-
Notifications
You must be signed in to change notification settings - Fork 3.8k
Description
Affected Version: Master branch
Description
Lookup instantiation mainly works on broadcasting two notice, AddNotice, DropNotice. When we create fresh lookup, we issue AddNotice and when we update the existing lookup we issue the AddNotice and DropNotice.
We have been seeing the inconsistent lookup state esp with JDBC in the cluster that caused by the following scenario, I was able to reproduce this in local as well.
- Post create jdbc lookup request, assuming that jdbc server is consistent, it loads the lookup and ready to serve.
- Next pooling fails due to jdbc server not available/ some issues with lookup jdbc connection but old lookup is still serving good.

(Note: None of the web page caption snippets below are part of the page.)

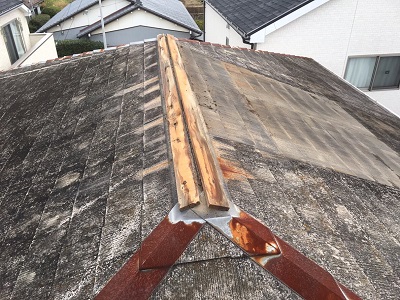 屋根板金部分の修繕工事前の様子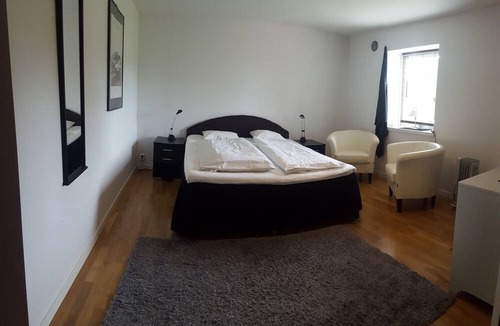 Borrby Bed & Breakfast | Borrby frö - Bed & Breakfast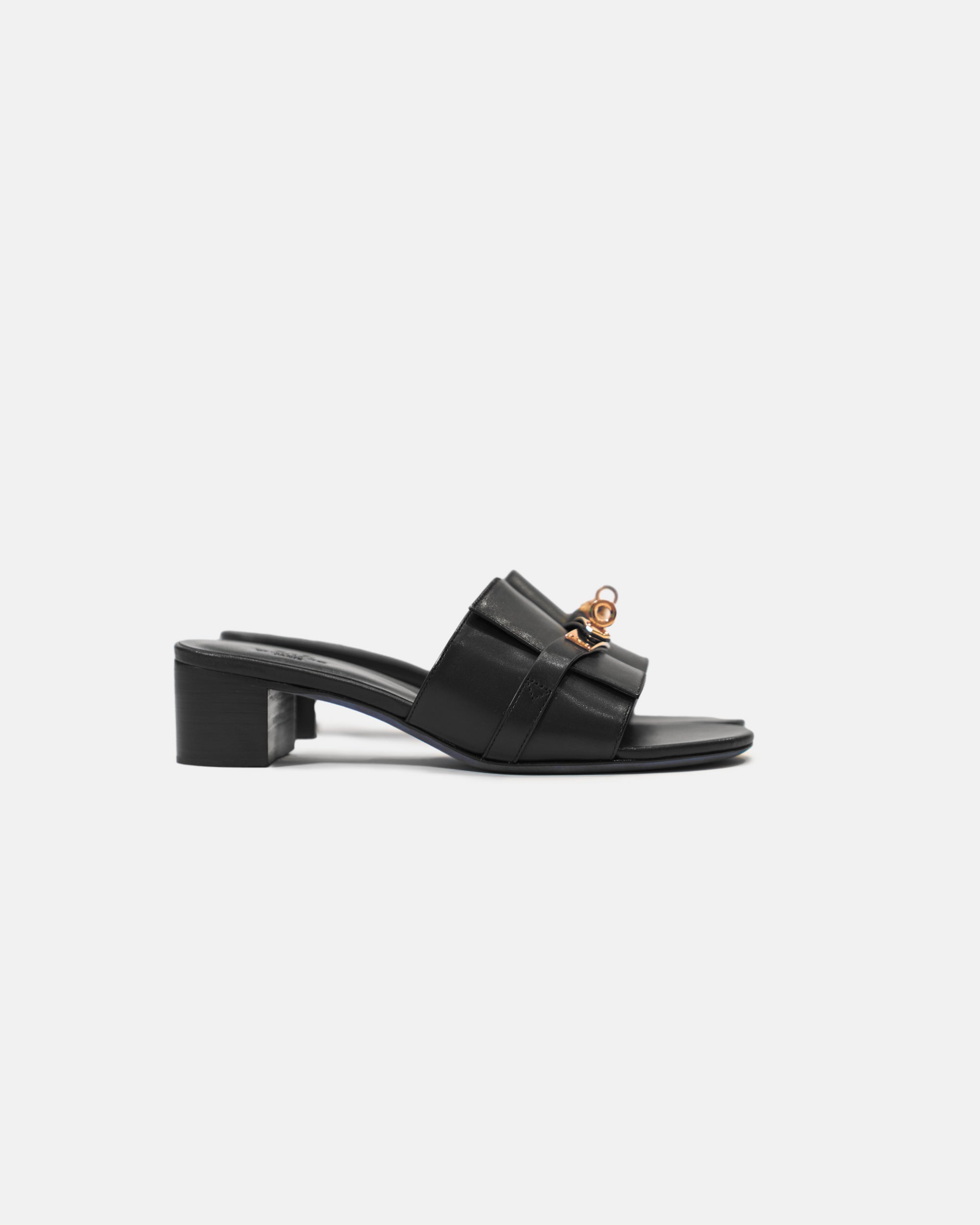 Hermès Candy Black Goatskin Ghw Sandals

- Druid User tries to update the lookup json and post update request and old good lookup is also killed and query fails with cache state CACHE_NOT_INITIALIZED.
Bug is the behavior of Step 3, currently we blindly issue the AddNotice for new lookup and DropNotice for old lookup without making sure that new lookup cache population is successful.
There is another bug at Step 2 where we do have resiliency in dealing with JDBC handle lookups, we do not retry handle on transient errors. If transient error occurs then we need to wait for next pooling period to reach and populate lookups. In this time, lookup's state remains CACHE_NOT_INITIALIZED if we have no successful load previously.
Proposals for the addressing Step 2 and Step 3 bugs:
- Step 2: Create resilient handle and retry on transient error.
- Step 3: Delay the Drop notice execution until AddNotice loads the lookup on the current node, and make sure that we have one latest lookup loaded successfully and good to drop the previous one. This can be done by starting the schedule executor thread here https://github.com/apache/druid/blob/master/server/src/main/java/org/apache/druid/query/lookup/LookupReferencesManager.java#L675 that can execute it after Delay D, N times and it can get the latest stateRef from LookupReferenceManager and make sure that latest Ref cache is loaded successfully (Also make sure that LookupExtractorFactoryContainer that we are trying to remove is not same as current stateRef container).